Required action.
If a line in the data below contains "white", copy it.

Input data.
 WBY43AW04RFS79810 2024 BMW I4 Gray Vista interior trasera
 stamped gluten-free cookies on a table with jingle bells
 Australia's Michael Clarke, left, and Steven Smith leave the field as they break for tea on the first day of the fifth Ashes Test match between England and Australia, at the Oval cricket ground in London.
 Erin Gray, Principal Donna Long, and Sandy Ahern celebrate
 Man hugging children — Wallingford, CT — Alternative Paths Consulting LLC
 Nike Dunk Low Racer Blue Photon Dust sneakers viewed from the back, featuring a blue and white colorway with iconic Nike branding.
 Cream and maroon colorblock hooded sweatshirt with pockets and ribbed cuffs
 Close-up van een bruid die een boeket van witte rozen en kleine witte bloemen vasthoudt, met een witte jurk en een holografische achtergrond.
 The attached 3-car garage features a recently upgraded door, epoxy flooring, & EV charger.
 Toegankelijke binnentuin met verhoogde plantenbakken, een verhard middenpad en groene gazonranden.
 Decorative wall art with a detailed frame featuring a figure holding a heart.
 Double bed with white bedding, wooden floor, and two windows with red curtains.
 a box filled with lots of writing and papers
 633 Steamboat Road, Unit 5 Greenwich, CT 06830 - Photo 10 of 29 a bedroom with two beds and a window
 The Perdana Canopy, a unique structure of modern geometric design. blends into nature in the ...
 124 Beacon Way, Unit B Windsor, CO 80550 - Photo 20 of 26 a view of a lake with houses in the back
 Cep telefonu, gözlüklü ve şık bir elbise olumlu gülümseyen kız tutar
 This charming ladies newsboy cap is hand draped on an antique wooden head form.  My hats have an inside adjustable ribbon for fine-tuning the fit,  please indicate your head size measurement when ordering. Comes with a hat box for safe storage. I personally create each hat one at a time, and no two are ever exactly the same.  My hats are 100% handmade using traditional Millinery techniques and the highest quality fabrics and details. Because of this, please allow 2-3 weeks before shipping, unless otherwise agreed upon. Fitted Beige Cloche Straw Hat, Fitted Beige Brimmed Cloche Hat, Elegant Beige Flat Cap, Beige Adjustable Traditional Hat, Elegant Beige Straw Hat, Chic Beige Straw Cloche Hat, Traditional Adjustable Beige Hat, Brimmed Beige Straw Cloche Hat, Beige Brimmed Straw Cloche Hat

Answer to this problem.
 Nike Dunk Low Racer Blue Photon Dust sneakers viewed from the back, featuring a blue and white colorway with iconic Nike branding.
 Double bed with white bedding, wooden floor, and two windows with red curtains.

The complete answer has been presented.